Bookmark and Share

Notice: On March 31, it was announced that Statalist is moving from an email list to a forum. The old list will shut down at the end of May, and its replacement, statalist.org is already up and running.


[Date Prev][Date Next][Thread Prev][Thread Next][Date Index][Thread Index]

Re: st: Blown up Std. errors in logistic regression with bootstrap


From   Maarten buis <maartenbuis@yahoo.co.uk>
To   statalist@hsphsun2.harvard.edu
Subject   Re: st: Blown up Std. errors in logistic regression with bootstrap
Date   Mon, 13 Dec 2010 13:47:27 +0000 (GMT)

--- On Mon, 13/12/10, Michael Wahman wrote:
> I am doing a study with two different logistic models,
> where n is fairly small. In one of the models n is somewhat
> bigger (n=107) and one model has a smalle r n (n=51). I want
> to use robust bootstrapped standard errors to compensate for
> the small n, especially in the second model. I've understood
> that it is problematic to use MLE when the number of d.f. s
> is small, since this model might not be asymptotic.
> 
> I have experimented with bootstraps, but the standard
> errors in the model become huge.

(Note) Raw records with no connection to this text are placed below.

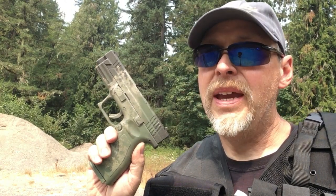Want to breathe new life into an old pistol? Find out how on Max Headspace Nine Millimeter.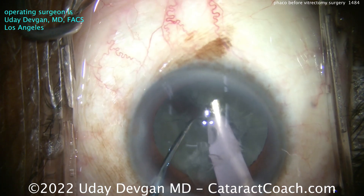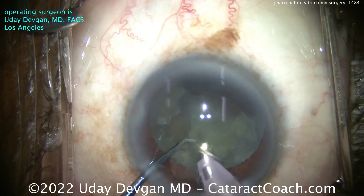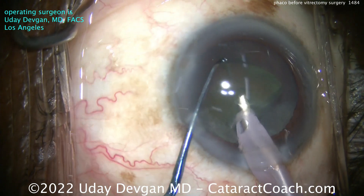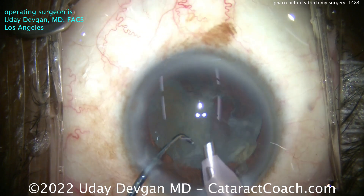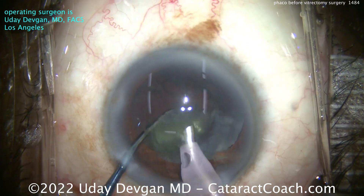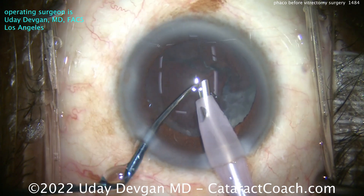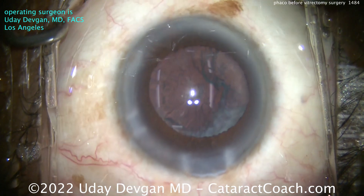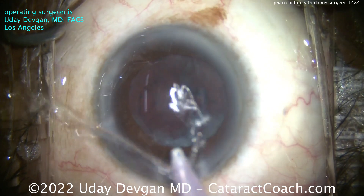Here we're going to chop the lens in half, bring up each half and emulsify it. The rest of the cataract is pretty routine. You want to get a single-piece or three-piece lens in the eye — either one should be a reasonable choice. When you have macular pathology or a compromised macula, you want to put in a monofocal lens. In this case we're aiming for about plano, putting that monofocal lens in the capsular bag. We also want to do a good job of really cleaning up the capsular bag so that when the retina surgeon looks at the retinal periphery, there are no issues impeding the view. There's a little epinuclear shell still in the back — we'll get that all out with the I/A probe.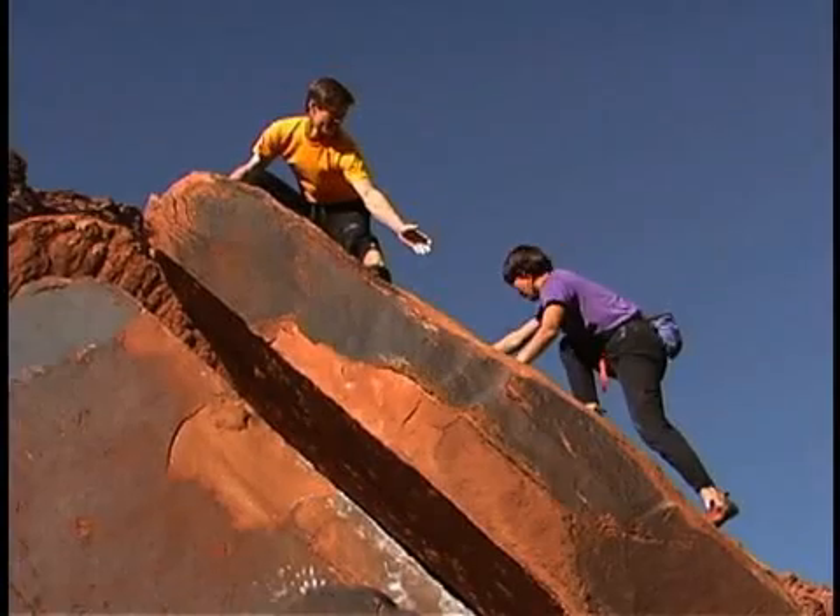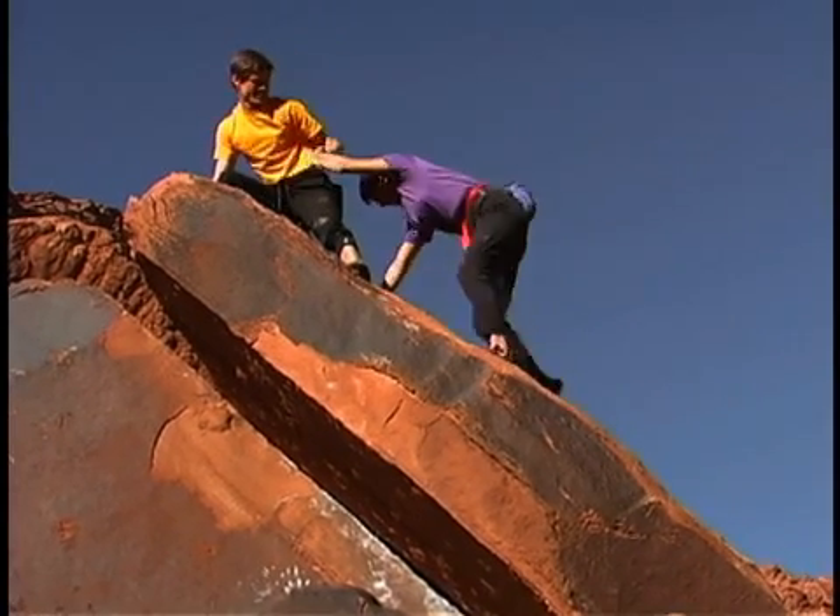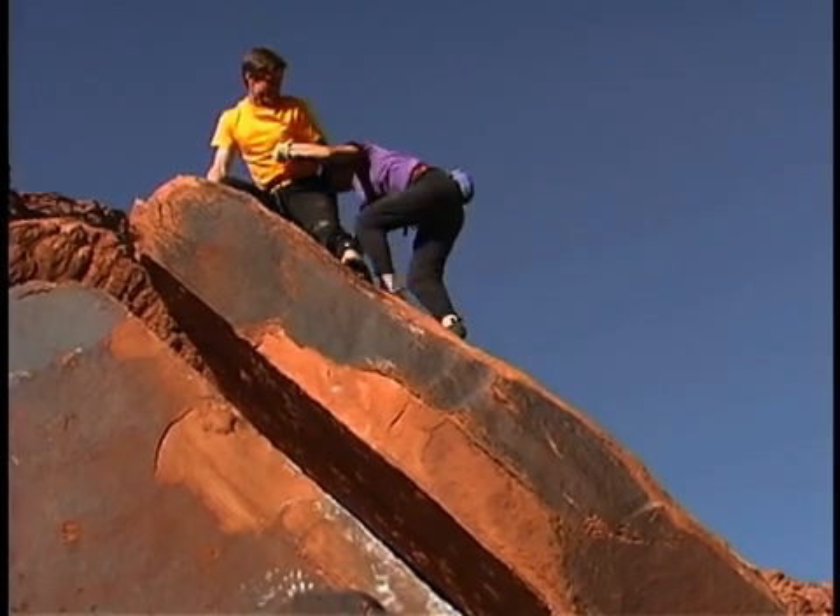You can minimize the discomfort of frequent pricking by alternating fingers, as well as testing from the sides of the fingers where there are fewer nerve endings. No matter what type of glucose monitoring tool you use, know that altitude and changes in humidity can affect the readings.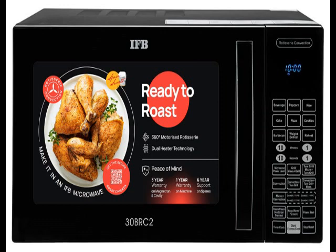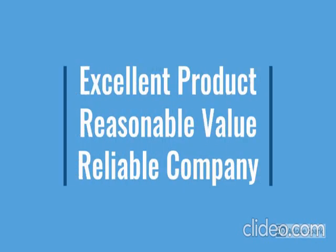So guys, this product has a lot of features: easy to use, latest design, durable, reliable, no maintenance.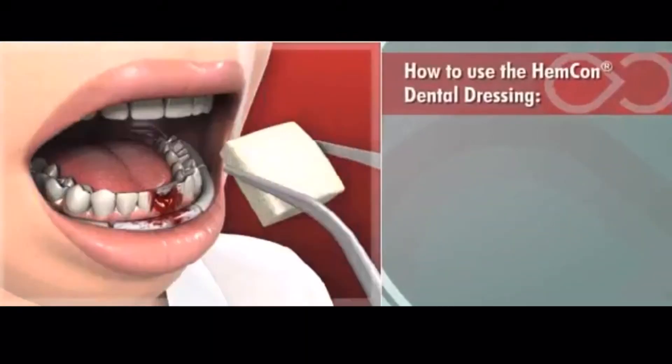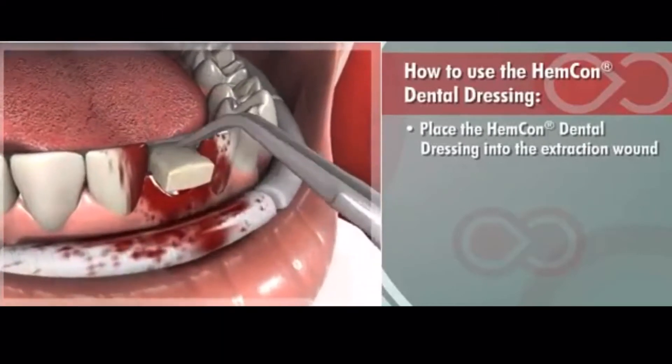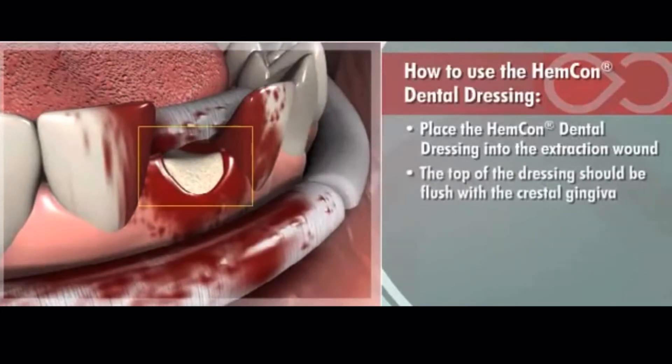Applying the Hemcon Dental Dressing requires only a few simple steps. Using cotton pliers, place the Hemcon Dental Dressing into the extraction wound, making sure it conforms properly to the socket. Once it conforms, the top of the dressing should be flush with the crestal gingiva.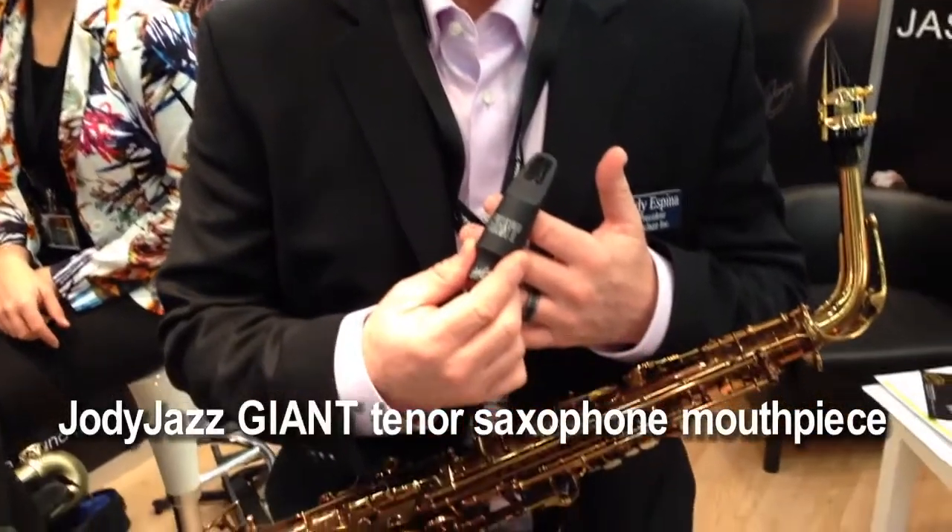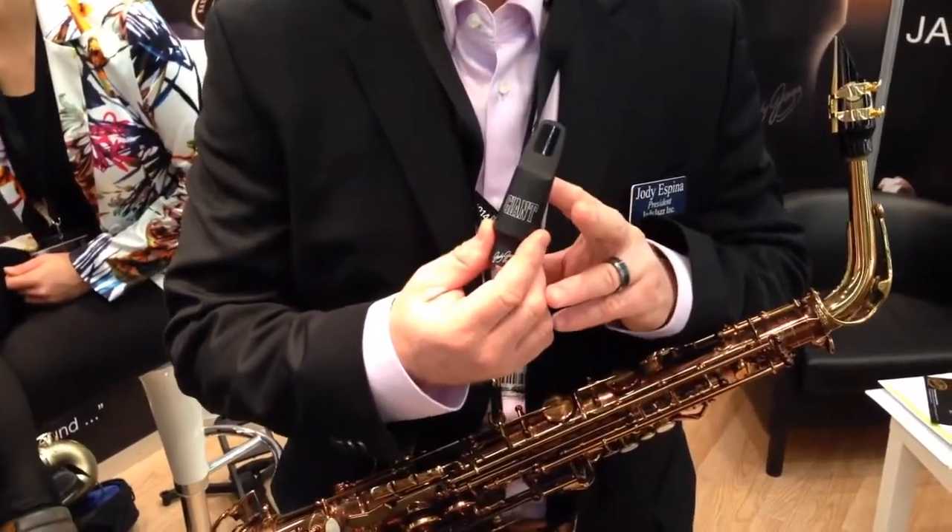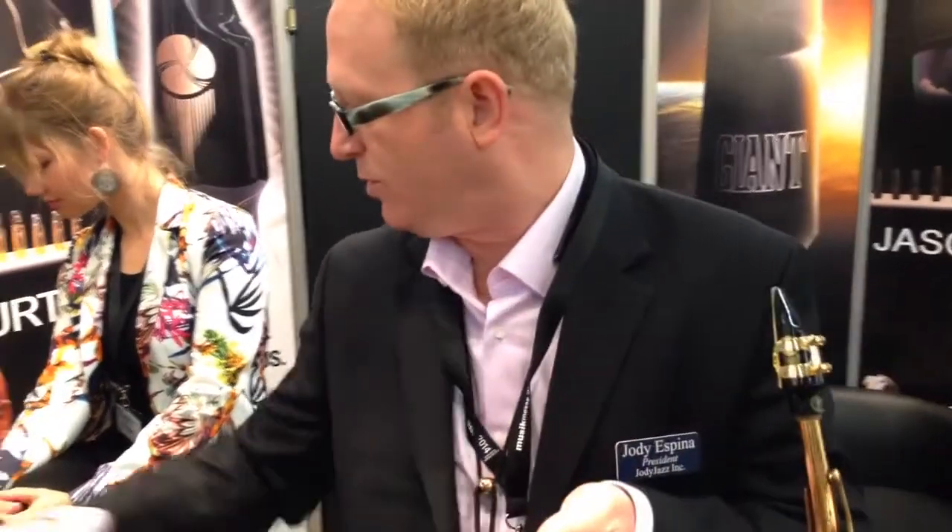We're back here again with Mariachi at Music VESA 2014, and this is the introduction of the Giant for tenor. The Giant is aerospace-grade anodized aluminum. The material is a new material, and the idea was that we took my favorite Jody Jazz hard rubber tenor mouthpiece of all time and scanned it in the 3D world so that we could then take it and manipulate every part of it. So we have basically the outside shape of our hard rubber mouthpiece.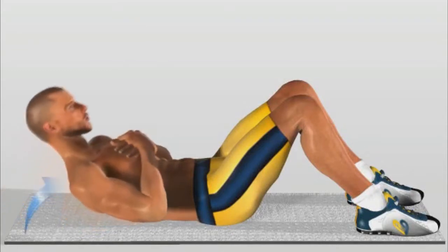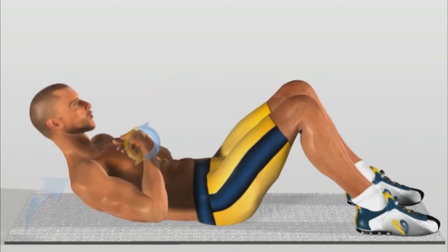Raise the upper part of your trunk without detaching your hands from your chest and keeping the rest of your body still. In this way you will concentrate the work on the upper part of your abdomen. Return to the starting position.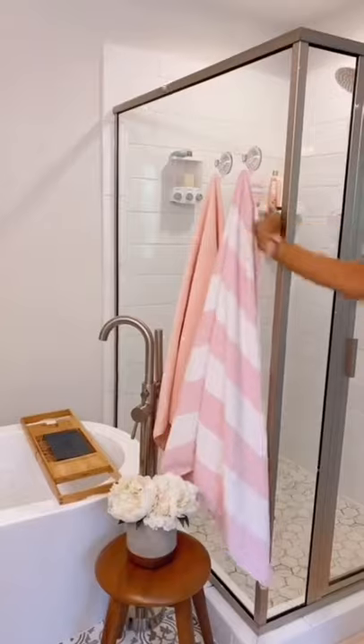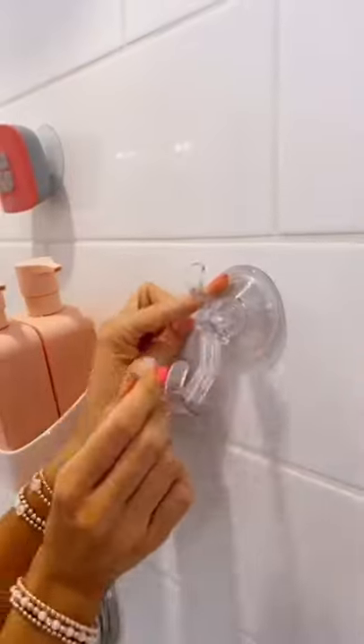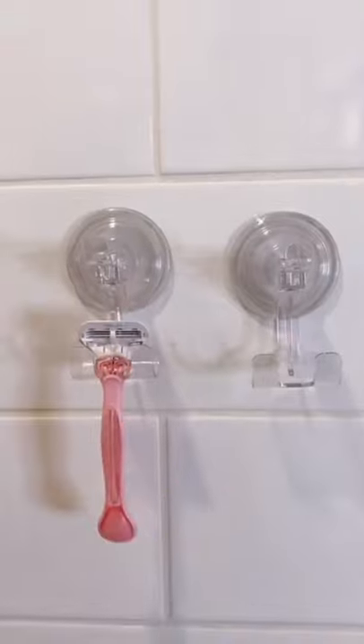And you loved these towel hooks in my last video, so I picked up its sister product. These acrylic shower hooks come in a pack of two and hold your razor and have three hooks attached.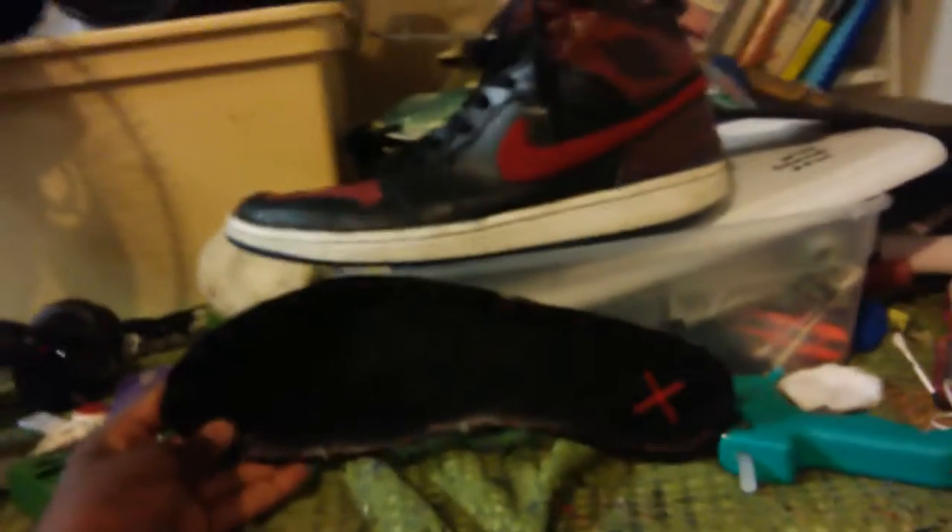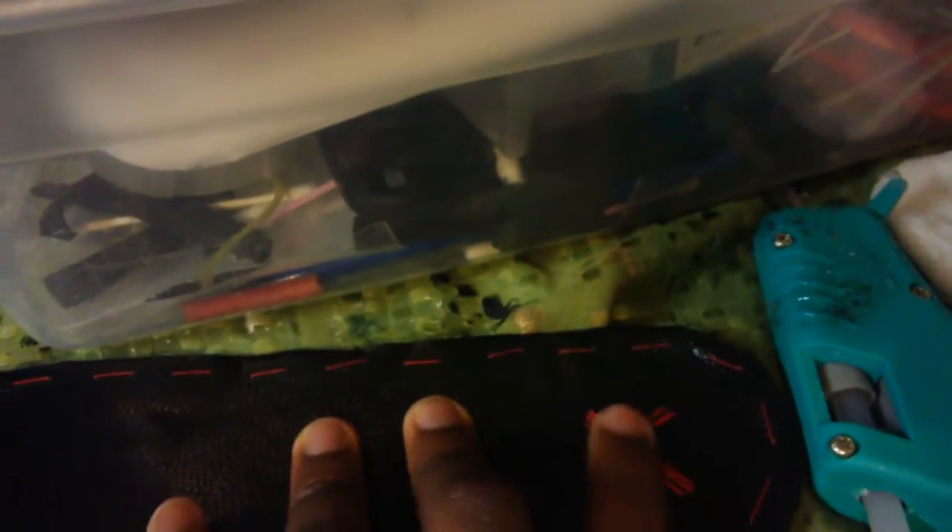All right, so here are the insoles for the custom Jordans I have up here. Look at those insoles, man — that's gonna look dope.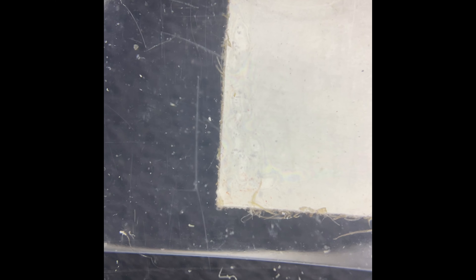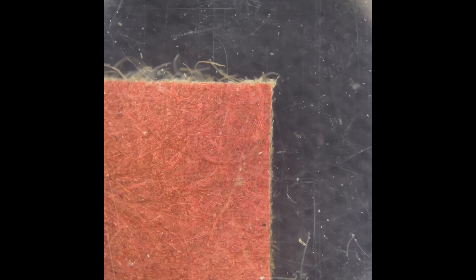Oh man, that's not good. Nothing super blatant that would outright kill a nine or ten, but that edge is still rough. For 80s cards there's so much chipping it's probably okay, but I still think we lost the ten with that bottom right edge. That's my call.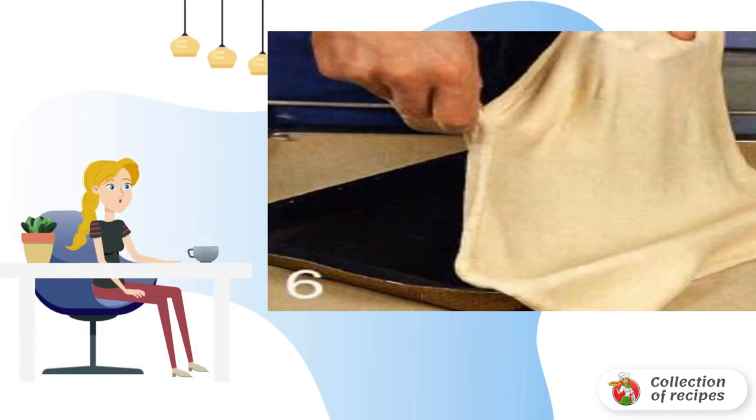Heat the oven to 200°C. Grease the baking sheet with oil. Roll out the dough into a thin pancake and put it on the baking sheet. Make the sides with your hands. Put the onion mixture on the dough in an even layer.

This seems to be associated
> with the models with a small number of df.s. If I run the
> models with a higher n with a bootstrap, I don’t get this
> problem. Neither do I get it when excluding the control
> variables. 

Sounds to me like the model is close to being perfectly 
determined. An example of perfect determination would be
when you have a continuous variable x and all observations 
with values less than 2 on x are failures and all 
observations with values more than 2 are successes. When 
you get close to being perfectly determined small changes 
in the data can lead to huge changes in the parameters, 
which would yield the kind of behaviour you found when 
using -bootstrap-.

First, I would use very few explanatory variables in that
dataset. The best case scenario would be when the 
proportion of "successes" is about 50%. In that case the
variance of the dependent variable is maximum and the data
contains the most information. In that case I might use
4 explantory variables, maybe even 5. If the proportion of 
successes is less than 30% or more than 70% I would use
1 maybe 2 explanatory variables.

Second, I would look at some cross tabulations of your
explantory variables against your dependent variable, to 
see if you can find some problematic explanatory variables.

Third, I would add the -saving()- option in -bootstrap-.
This will save the estimates in each bootstrap sample.
Looking at these might help you identify the problem.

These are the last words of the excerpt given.